Recensione apparsa su «Divus Thomas» 3 (2015), pp. 236-242

di Emanuele Pili, Università di Genova

F. Bellelli, Etica originaria e assoluto affettivo. La coscienza e il superamento della modernità nella teologia filosofica di Antonio Rosmini, Vita e Pensiero, Milano 2014, XXIV-377 pp.

1. Il libro di Fernando Bellelli, Etica originaria e assoluto affettivo. La coscienza e il superamento della modernità nella teologia filosofica di Antonio Rosmini, si presenta come uno studio serio e originale, capace di ricostruire un percorso filosofico-teologico tanto fondato quanto inedito.

Collocato con pertinenza nell’ampio orizzonte della cosiddetta “quarta fase” degli studi rosminiani, il lavoro di Bellelli intende leggere il pensiero di Rosmini con Rosmini e, di concerto, dialogare con le più recenti prospettive aperte dalla tarda (post-)modernità, a partire da uno sguardo attento all’ambiente fenomenologico, e in particolare all’opera di Emmanuel Lévinas.

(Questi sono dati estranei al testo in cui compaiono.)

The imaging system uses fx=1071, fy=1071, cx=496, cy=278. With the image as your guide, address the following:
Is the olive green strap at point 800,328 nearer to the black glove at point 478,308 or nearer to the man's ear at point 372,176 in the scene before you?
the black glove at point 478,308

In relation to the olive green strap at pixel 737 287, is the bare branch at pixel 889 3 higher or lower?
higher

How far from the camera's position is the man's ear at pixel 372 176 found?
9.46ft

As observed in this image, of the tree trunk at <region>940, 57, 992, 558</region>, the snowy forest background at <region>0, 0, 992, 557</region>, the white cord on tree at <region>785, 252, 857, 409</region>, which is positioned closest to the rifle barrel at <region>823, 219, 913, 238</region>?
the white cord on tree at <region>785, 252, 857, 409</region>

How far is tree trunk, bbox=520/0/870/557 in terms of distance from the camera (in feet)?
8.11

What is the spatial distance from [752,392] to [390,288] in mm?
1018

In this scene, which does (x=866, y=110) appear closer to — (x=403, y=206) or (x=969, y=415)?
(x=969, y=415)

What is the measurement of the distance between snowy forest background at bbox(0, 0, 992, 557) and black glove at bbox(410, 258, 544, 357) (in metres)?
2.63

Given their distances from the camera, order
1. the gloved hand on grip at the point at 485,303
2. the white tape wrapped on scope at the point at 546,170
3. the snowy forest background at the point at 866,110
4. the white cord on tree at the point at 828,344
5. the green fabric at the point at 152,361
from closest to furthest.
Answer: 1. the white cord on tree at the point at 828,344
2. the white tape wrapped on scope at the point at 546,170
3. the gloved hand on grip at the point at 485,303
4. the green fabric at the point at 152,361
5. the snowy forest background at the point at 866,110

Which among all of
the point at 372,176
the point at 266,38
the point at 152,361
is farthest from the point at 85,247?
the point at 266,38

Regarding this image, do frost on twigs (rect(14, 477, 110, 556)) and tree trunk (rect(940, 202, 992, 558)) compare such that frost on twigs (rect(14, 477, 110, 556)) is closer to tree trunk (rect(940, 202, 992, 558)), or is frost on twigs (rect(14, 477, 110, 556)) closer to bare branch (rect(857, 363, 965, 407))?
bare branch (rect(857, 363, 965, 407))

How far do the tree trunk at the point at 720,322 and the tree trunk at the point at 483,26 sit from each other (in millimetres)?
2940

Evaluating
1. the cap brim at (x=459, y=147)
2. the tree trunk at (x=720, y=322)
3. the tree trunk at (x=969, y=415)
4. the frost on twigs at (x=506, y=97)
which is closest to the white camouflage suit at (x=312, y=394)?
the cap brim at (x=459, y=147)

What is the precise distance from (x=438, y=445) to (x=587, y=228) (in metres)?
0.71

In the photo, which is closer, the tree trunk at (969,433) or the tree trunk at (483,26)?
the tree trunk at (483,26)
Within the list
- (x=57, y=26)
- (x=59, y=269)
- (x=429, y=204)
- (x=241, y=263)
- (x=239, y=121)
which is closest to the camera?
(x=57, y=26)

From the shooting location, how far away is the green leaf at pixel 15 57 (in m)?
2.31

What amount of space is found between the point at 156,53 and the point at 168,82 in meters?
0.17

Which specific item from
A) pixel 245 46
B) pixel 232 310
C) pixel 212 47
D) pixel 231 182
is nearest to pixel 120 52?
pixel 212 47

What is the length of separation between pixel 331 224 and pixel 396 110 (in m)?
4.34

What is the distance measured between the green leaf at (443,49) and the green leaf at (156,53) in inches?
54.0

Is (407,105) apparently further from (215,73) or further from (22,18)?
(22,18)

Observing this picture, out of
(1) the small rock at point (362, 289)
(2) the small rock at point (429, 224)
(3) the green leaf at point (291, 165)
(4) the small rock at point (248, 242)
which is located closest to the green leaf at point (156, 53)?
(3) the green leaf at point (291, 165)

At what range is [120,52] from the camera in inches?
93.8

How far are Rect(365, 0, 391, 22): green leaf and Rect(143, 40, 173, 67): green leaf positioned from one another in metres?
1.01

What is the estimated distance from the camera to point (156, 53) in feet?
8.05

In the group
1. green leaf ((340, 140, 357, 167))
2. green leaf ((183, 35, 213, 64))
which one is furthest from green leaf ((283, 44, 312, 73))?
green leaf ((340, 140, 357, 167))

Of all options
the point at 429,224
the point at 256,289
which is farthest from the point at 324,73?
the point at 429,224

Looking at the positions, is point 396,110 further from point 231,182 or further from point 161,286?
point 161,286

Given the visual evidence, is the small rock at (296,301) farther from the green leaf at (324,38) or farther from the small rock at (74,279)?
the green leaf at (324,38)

Il taglio della ricerca è marcatamente teoretico, e tuttavia non scade in interpretazioni superficiali o filologicamente e storicamente poco precise. Anzi, oltre all’accorta definizione del contesto storico, è da apprezzare il continuo e rigoroso riferimento ai testi del Roveretano, talvolta citati ampiamente, che permettono al lettore di entrare, pagina dopo pagina, nelle profondità della speculazione di Rosmini. Quest’ultimo, nota Bellelli, nella sua capacità di intercettare le novità e le positive istanze promosse dalla modernità e di metterle in dialogo con la grande tradizione classica, è riuscito ad offrire al proprio tempo una sintesi extra-ordinaria. Talmente extra che, in definitiva, non è stata recepita nella sua reale portata. Il risultato è che ancora oggi, e forse “proprio” oggi, non dimenticando gli importanti guadagni delle tre fasi interpretative precedenti, è rimasto molto da lavorare, nell’attuale quarta fase, per dischiudere l’effettiva virtualità del pensiero rosminiano. Lo studio di Bellelli, incardinato nella traditio dei lavori su Rosmini, ma con gli occhi rivolti alle problematiche contemporanee, procede esattamente in questa direzione.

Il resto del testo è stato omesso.